Third, on the level of politics, Zhang's radical negation of the nation and all social groups, as developed in his concept of the individual, had deep links with his anti-Manchu nationalism. This was because concepts of nation and social groups, as developed by Zhang's contemporaries at the turn of the century, had been predicated upon an acceptance of the legitimate authority of the Qing government. In this fashion, the radical opposition between the individual and the people (which is also a group) in Zhang's thinking had an immediate, practical consequence. The establishment of the Chinese people as a nation meant seizure of political power from the Manchus by the Han people. Moreover, the concept of the individual in principle underscored the hollowness of official state-making endeavors launched by the Qing court. In this sense, the concept of the individual was an integral part of the discursive structure of the modern Chinese people and nation.

Fourth, the concept of the individual is both self-negating and self-transcending. Zhang had argued that, within the opposition of the individual and the state, collective entities lacked subjectivity. In the end, he asserted that entities without subjectivity were but human artifices, thereby bringing up the concept of no-mankind. Furthermore, in consideration of the history of human evolution, he raised the concept of no-organisms, in order to evade the possibility that microorganisms reconstruct humankind and its society through evolution. Finally, based on the Buddhist doctrine of nonbeing, he raised the concept of the nonworld. Actually, all these arcane concepts drew from the Buddhist principles of "man without self" and "dharma without self." The concept of the individual, then, was self-negating because the individual "always took clinging to alayavijnana to be the self, clinging to self-as-real as presented in consciousness, and thoughts of good and evil arose." Moreover, this sort of self and self-as-real were biases and illusory realizations born out of discriminating relations.[72] In other words, what Zhang called the individual and the true (eternal, real, and universal) self were separate.

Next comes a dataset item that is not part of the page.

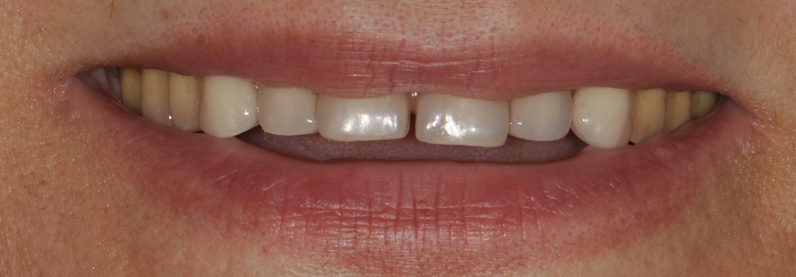 Dr. Youssef Obeid Chevy Chase MD Denture Dentist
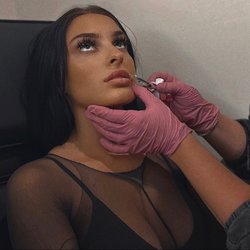 Serenity Salon & Spa - Lip filler plus botox offered by Katie and Jamie!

This kind of individual was one without substance, and thus the individual itself was not a phenomenon possessing self-nature and could not become a final source of moral identity. The self thus became a concept of self-transcendence: it had to look elsewhere for substance or self-nature. The separation between the individual and self-nature (ego) was the most prominent characteristic of Zhang's provisional concept of the self. This kind of separation determined that the self would not have its own depth or inherence and could not become a foundation for value or identity. It also determined the inherent logic of Zhang's thought: his emphasis on the individual in the end led to the denial of the individual itself and toward a cosmic type of pursuit for religion, faith, and universality. This was the intellectual dynamic that gave rise to the cosmic vision in his "theory of establishing religion" and "theory of making all things equal."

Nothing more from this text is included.